A second chance for The Second Chance?
By S Simmons. Filed in Editing, Movies |On Saturday I saw a locally (Nashville) produced motion picture called The Second Chance. It was directed by Christian industry veteran Steve Taylor and was the first starring role for contemporary Christian artist Michael W. Smith. The film was most certainly a “religious” movie as the story revolved around a suburban mega-church and an inner city ministry the big church funds. The movie was well made and the themes were certainly universal enough that Christian and non-Christians alike should be able to enjoy the movie.
The thing that I find most interesting is the movies release. We all know that we live in a world where all Hollywood cares about is box office baby! Movies live and die by their opening weekend and even the most casual moviegoer can see weekend box office scores on Monday morning in the CNN crawl at the bottom of the TV screen. There are the occasional break-outs that slowly build success by word of mouth, Crash and What The Bleep Do We Know are two recent examples, but they are the exception, not the rule. The Second Chance was released by Sony’s Triumph label. I don’t ever remember hearing of Triumph but we all know of Sony. Now I’m not under any illusion that marketing and promoting a major motion picture is a cheap thing to do. There can be magazine ads, tv time, newspaper space, internet resources and many other things that go into movie promotion. Not a cheap proposition. But Sony is apparently relying on the ‘word of mouth’ idea in the promotion of The Second Chance. In Nashville, which would be the most ideal market for the movie, I haven’t seen a single advertisement anywhere! I’m sure Sony is counting on the “Christian” market that made Mel Gibson’s The Passion of the Christ a mega-hit but even with the word of mouth in full force, that movie had huge marketing muscle and the media behind it. I guess we will see as the weeks unfold how successful the picture becomes. I saw the movie during its second weekend and the theatre was pretty full. The home video market can always help recoup some of the costs but the theatrical box office is always looked at as the main example of a films success. I do hope The Second Chance is successful, not just because it grew out of the local filmmaking community that I am a part of, but because it is a good film that has something meaningful to say. Now I love sex and violence just as much as anybody, but those types of films are a dime a dozen these days and movies with a message, be it a religious, social, ethnic, or anything else, are becoming increasingly rare, and unless they are successful, there will be even less of them.

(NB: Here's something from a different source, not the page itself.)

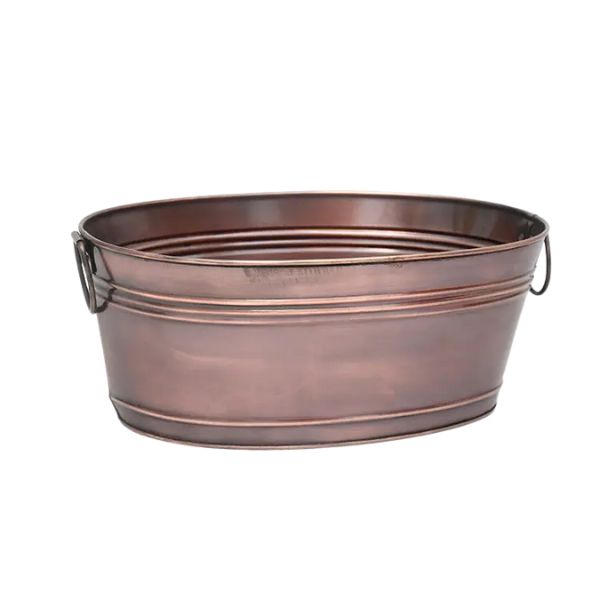 Antique Oval Tub, Copper, 16 X 10 X 6.5 displayed as a rustic decor piece with metal handles, perfect for stylish kitchen or dining gifts from Knotty and Board. Every Room Needs A Little Knotty and Board.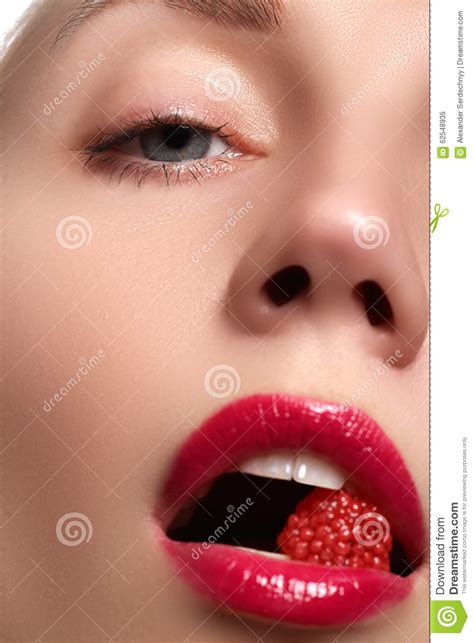 close up of woman s lips with bright fashion red glossy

My wife brought up a point about the “Christian” market that the movie is partly trying to reach. She said there are a lot of Christian “believers” (like her own mother growing up) who don’t go to the movies at all or even partake of popular culture and entertainment because they don’t see it as glorifying God or furthering his kingdom. I was quite puzzled by what she said and do not really understand that thinking at all. It seems to me that entertainment that does a positive thing and furthers one’s beliefs should be embraced and supported by the group that it is targeting. But that is coming from a guy who is equally happy watching either a 9 hour socially redeeming PBS special, a G-rated documentary about the migratory pattern of birds, or a teen slasher flick about half naked co-eds (of fully naked) getting killed in the woods! Content is vitally important to a movie (or any other form of entertainment) but there are always people who should not see and cannot handle certain things. In the case of a movie like The Second Chance, “believers” and “non-believers”, young and old, Christian, Jewish, Catholic, whatever…most should be able to find something about it that they enjoy. Go see it before it goes away. It fell by 43.1% this second weekend so there may not be much time left.